E suis Tourangeau; j'habite Luynes sur la rive droite de la Loire, lieu autrefois considérable, que la révocation de l'édit de Nantes a réduit à mille habitans, et que l'on va réduire à rien par de nouvelles persécutions, si votre prudence n'y met ordre.

J'imagine bien que la plupart d'entre vous, Messieurs, ne savent guère ce qui s'est passé à Luynes depuis quelques mois. Les nouvelles de ce pays

font peu de bruit en France, et à Paris surtout. Ainsi je dois, pour la clarté du récit que j'ai à faire, prendre les choses d'un peu haut.

Il y a eu un an environ à la Saint-Martin, qu'on commença chez nous à parler de bons sujets et de mauvais sujets. Ce qu'on entendait par là, je ne le sais pas bien, et si je le savais, peut-être ne le dirais-je pas, de peur de me brouiller avec trop de gens. En ce temps, François Fouquet allant au grand moulin rencontra le curé qui conduisait un mort, au cimetière de Luynes. Le passage était étroit; le curé voyant venir Fouquet sur son cheval lui crie de s'arrêter, il ne s'arrête point; d'ôter son chapeau, il le garde; il passe, il trotte, il éclabousse le curé en surplis. Ce ne fut pas tout; aucuns disent, et je n'ai pas peine à le croire, qu'en passant il jura, et dit qu'il se moquait (vous m'entendez assez) du curé et de son mort. Voilà le fait, Messieurs; je n'y ajoute ni n'en ôte; je ne prends point, Dieu m'en garde, le parti de Fouquet, ni ne cherche à diminuer ses torts. Il fit mal; je le blâme, et le blâmai dès lors. Or, écoutez ce qui en avint.

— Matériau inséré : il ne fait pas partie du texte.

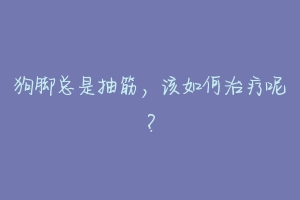 狗脚总是抽筋，该如何治疗呢？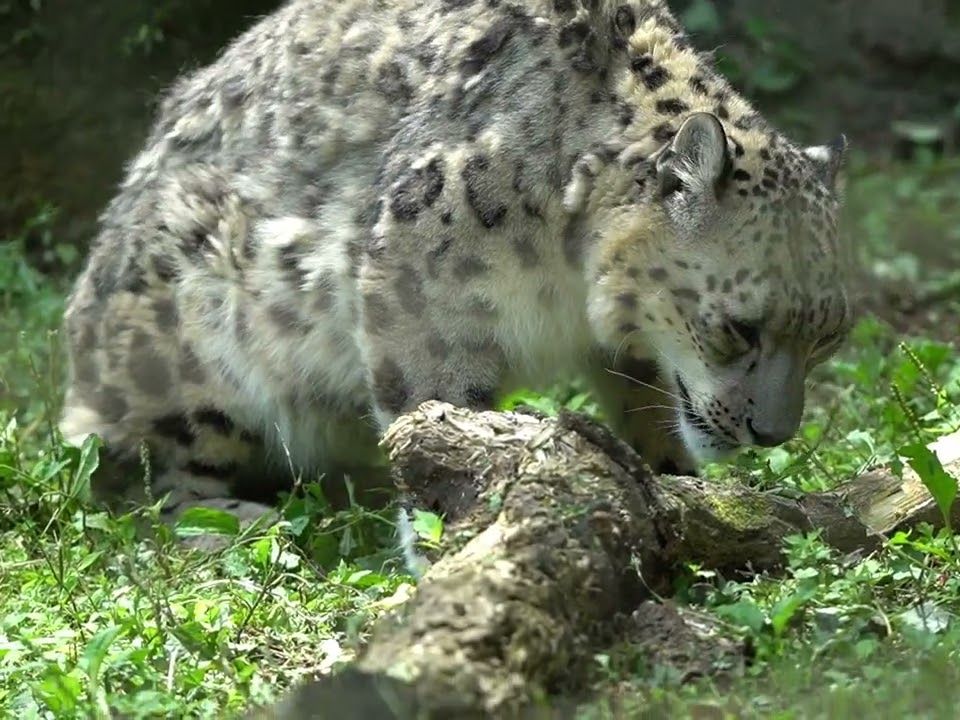 多摩动物园 慵懒的雪豹 pt.55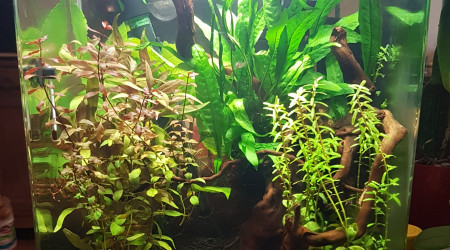 aquarium Nano 30L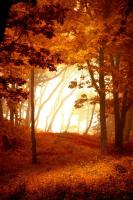 Вечерний лес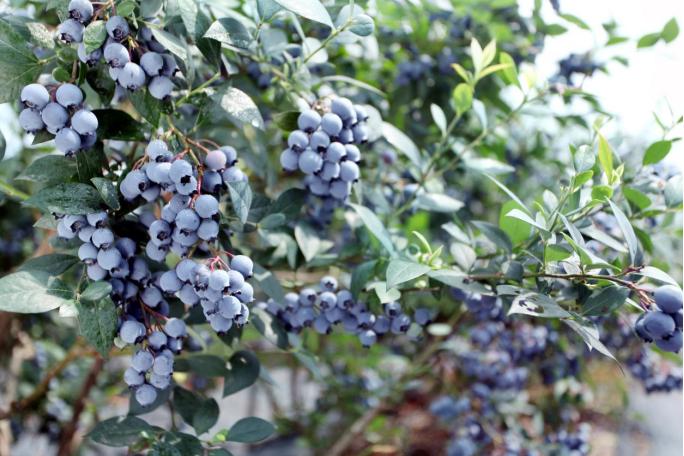 蓝莓树图图片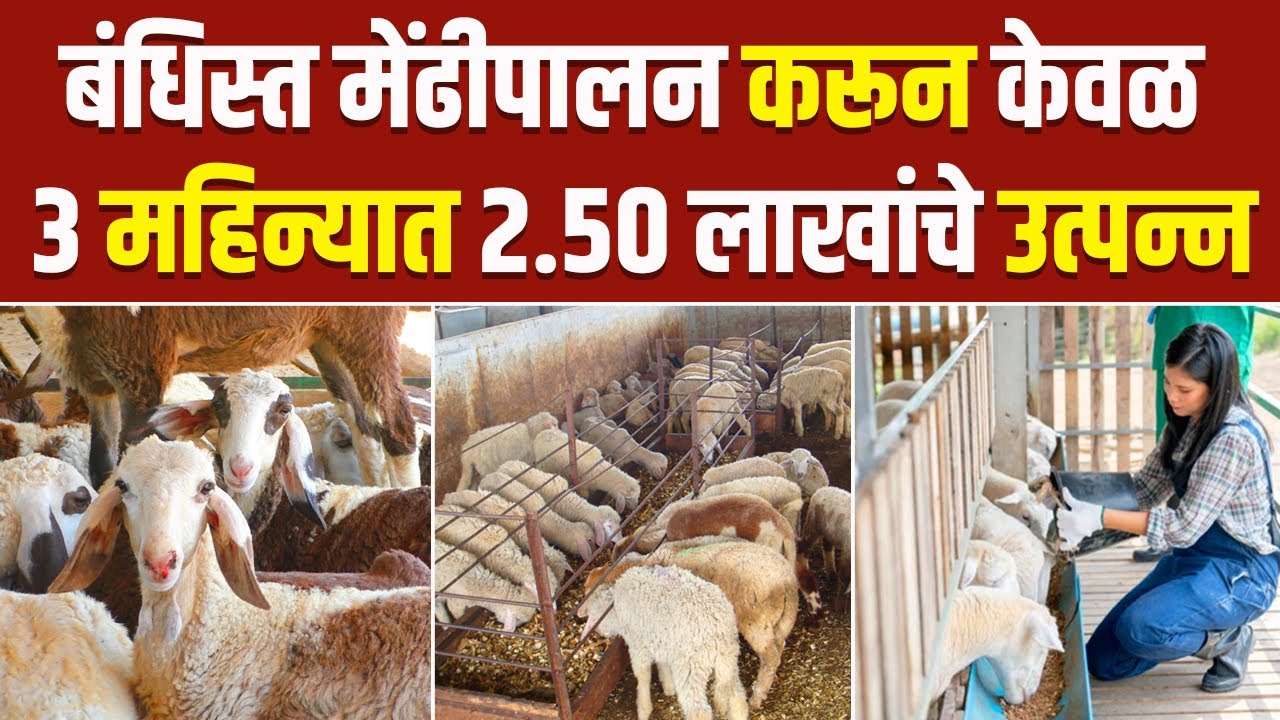 बंधिस्त मेंढीपालन 3 महिन्यात घेतात एवढे उत्पन्न | Sheep Farming Business | Goat Farming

Trois jours après, quatre gendarmes entrent chez Fouquet, le saisissent, l'emmènent aux prisons de Langeais, lié, garrotté, pieds nuds, les menottes aux mains, et pour surcroît d'ignominie, entre deux volcurs de grand chemin. Tous trois on les jeta dans le même cachot: Fouquet y fut deux mois; pendant ce temps sa famille n'eut, pour

subsister, d'autre ressource que la compassion des bonnes gens, qui, dans notre pays, heureusement ne sont pas rares. Il y a chez nous plus de charité que de dévotion. Fouquet donc étant en prison, ses enfans ne moururent pas de faim; en cela il fut plus heureux que d'autres.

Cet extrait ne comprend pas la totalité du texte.